◆ Your objective
Give the count of lines in the records below that contain "were", with no other words.

◆ The data
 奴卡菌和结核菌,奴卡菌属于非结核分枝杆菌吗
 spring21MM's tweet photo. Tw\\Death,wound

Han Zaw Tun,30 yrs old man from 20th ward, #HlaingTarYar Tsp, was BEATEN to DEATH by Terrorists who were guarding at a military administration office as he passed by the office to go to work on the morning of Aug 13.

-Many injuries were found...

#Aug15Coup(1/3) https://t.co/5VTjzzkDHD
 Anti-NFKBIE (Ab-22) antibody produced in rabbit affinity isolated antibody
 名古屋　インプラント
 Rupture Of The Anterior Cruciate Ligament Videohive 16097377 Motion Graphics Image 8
==
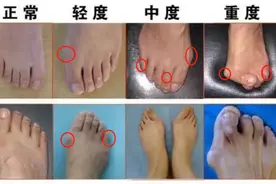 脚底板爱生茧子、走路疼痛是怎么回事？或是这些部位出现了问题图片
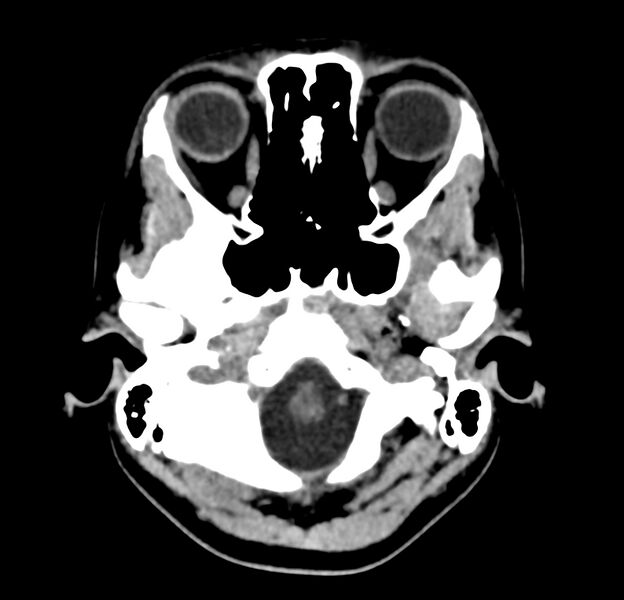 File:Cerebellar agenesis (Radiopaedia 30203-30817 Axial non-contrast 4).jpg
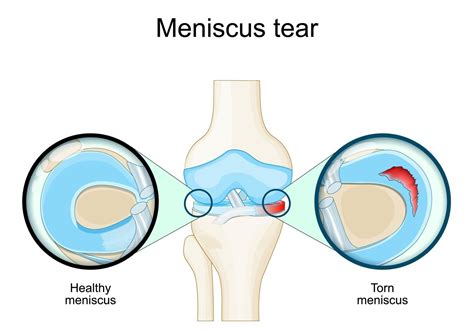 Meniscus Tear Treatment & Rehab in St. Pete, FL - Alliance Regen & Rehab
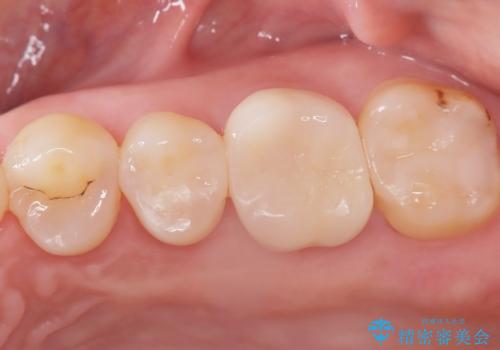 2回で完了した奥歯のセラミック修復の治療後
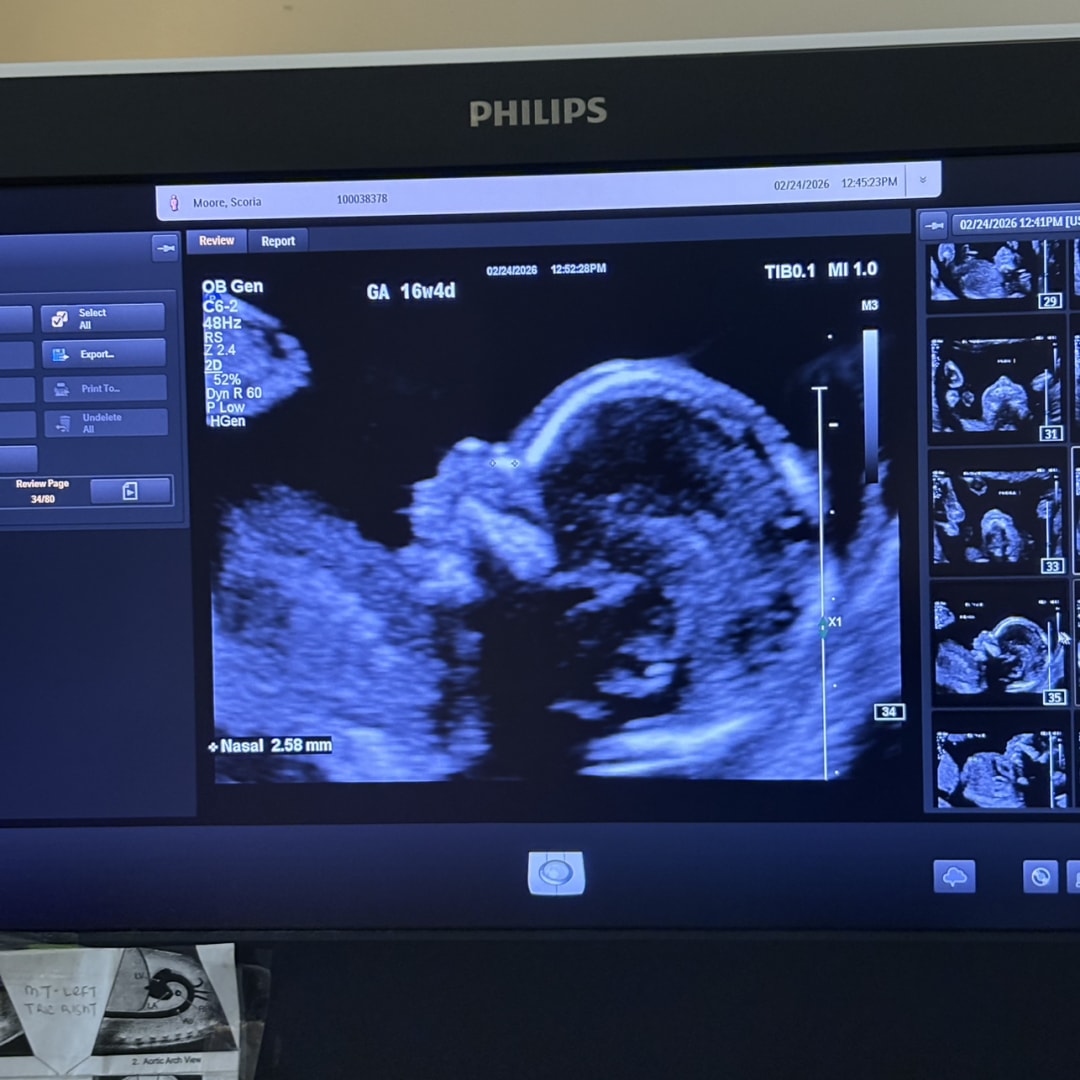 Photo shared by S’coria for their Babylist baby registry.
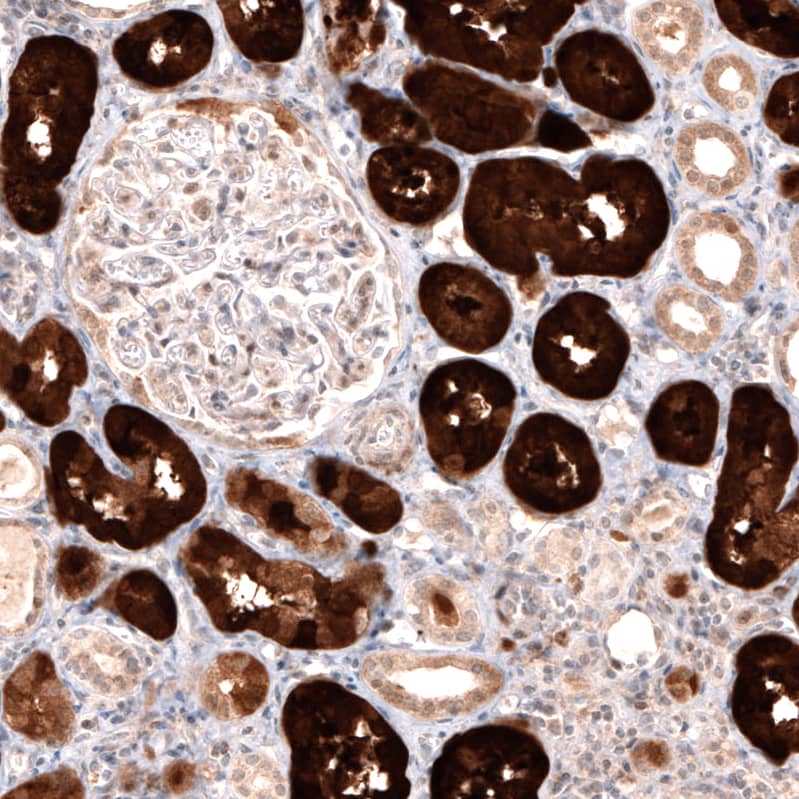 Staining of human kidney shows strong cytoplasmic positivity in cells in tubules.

◆ Your response
2